The ECB’s purchases will extend to both the primary and secondary markets.  As previously announced on September 4, the ECB will purchase both senior and guaranteed mezzanine bonds.

Senior bonds must be eligible under the ECBs current collateral framework. The bonds must be investment grade rated by at least two rating agencies; they must be secured by claims against non-financial private sector entities in the euro area, of which a minimum share of 95% is euro-denominated and of which a minimum share of 95% are resident in the euro area.

Purchases will also include junk bonds (or debt rated ‘BBB-’) from Greece and Cyprus. In this case the ECB will waive the investment grade rating requirement. These bonds will instead be required to have the second best rating achievable in that country; have minimum credit enhancement of 25%, and having investor reports and modeling in standard third-party modeling tools as assessed by the ECB.

The criteria for mezzanine bonds will be published at a later date.

The bank could purchase as much as €70 billion in the coming 12 months, according to researcg published by Barclays. However, the ECB has addressed initial concerns that it would become the sole buyer of ABS by restricting its purchases to a maximum of 70% of a tranche (30% on the case Greek of Cypriot ABS). For fully retained transactions, the ECB may purchase but only if there is some participation by other market investors.

The Barclays chart below shows outstanding European ABS volume. 

In its report, Barclays described the plans as “positive,” but stated that the 70% threshold "is somewhat higher than we expected (our expectation was 20-50%) and maximization could result in a considerable crowding out effect unless primary market issuance picks up substantially."

The ECB's purchases are expected to push spreads on these assets tighter. However if funding costs fall far enough to make issuance more attractive to banks, the returns might not be so appealing for investors.  For example, ABS investors polled by Barclays stated that 40 basis points over Euribor was the lowest entry point they would consider to invest in Italian residential mortgage backeds or securitizations of loans to small and medium sized enterprises. By comparison, the ECB’s long term refinancing operation provides funding to Italian banks at a spread of 15 basis points, according to Barclays.

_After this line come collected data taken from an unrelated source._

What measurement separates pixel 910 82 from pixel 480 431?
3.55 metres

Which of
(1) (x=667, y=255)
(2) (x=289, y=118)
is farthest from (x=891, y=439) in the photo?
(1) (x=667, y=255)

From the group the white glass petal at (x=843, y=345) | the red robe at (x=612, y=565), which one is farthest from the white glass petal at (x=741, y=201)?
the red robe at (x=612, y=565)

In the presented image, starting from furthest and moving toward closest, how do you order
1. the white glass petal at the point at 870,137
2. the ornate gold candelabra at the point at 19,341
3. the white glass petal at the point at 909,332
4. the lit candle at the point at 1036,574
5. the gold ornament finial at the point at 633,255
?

“We think that in practice the central bank will target a lower participation in a given bond, which would reduce the risk of crowding out. It would also have the advantage that it would keep the capacity to remain the buyer of last resort in such bond, in turn increasing investor confidence in the investment,” stated Barclays.

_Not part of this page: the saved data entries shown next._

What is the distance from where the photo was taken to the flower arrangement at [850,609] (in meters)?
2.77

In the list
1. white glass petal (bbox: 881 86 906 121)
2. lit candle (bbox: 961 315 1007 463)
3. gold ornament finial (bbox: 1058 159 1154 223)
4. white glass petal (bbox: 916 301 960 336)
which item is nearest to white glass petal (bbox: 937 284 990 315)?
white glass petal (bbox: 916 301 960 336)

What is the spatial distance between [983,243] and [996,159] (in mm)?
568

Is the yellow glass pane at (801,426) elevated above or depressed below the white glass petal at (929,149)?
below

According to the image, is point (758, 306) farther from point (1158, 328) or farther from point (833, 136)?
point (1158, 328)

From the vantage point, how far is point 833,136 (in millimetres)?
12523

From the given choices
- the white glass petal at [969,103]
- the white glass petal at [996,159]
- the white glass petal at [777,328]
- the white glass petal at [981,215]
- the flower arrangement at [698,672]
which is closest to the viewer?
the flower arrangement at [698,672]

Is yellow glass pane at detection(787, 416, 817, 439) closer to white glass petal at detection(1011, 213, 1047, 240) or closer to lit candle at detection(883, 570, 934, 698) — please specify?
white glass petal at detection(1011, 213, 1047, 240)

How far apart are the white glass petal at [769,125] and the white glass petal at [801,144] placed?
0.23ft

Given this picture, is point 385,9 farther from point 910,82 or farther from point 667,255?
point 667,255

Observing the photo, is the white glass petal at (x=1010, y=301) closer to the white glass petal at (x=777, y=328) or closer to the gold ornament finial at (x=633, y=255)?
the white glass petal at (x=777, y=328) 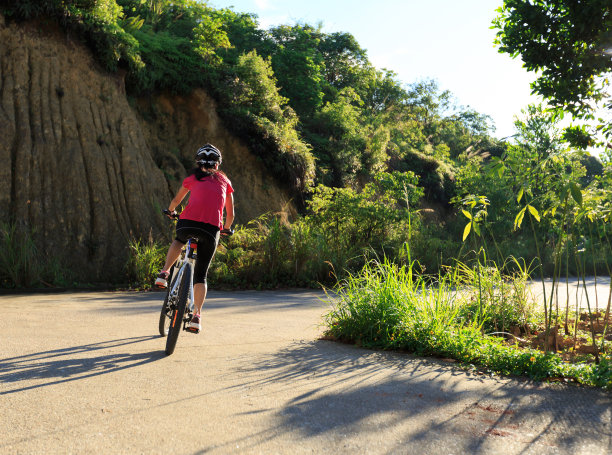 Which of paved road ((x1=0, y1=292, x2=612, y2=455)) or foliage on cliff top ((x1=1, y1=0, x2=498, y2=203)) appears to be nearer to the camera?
paved road ((x1=0, y1=292, x2=612, y2=455))

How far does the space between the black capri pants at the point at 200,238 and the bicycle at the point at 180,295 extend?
2.9 inches

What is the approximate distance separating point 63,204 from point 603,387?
42.2ft

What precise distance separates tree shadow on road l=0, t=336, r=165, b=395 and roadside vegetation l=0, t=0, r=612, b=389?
248 cm

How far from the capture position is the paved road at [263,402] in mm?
2916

There remains doubt over whether this latest effort by the ECB will be enough to revive the securitization market. Barclays today restated its position that it does not believe the purchase program, on its own, will be enough to rebuild the European ABS market, “which relies on banks’ ability to place mezzanine bonds at economically viable spread levels.”

The success of ECB’s ABS program is therefore linked to the ECB;s mezzanine purchases, according to Barclays. “The central bank was noticeably quiet on that point today,” stated analysts.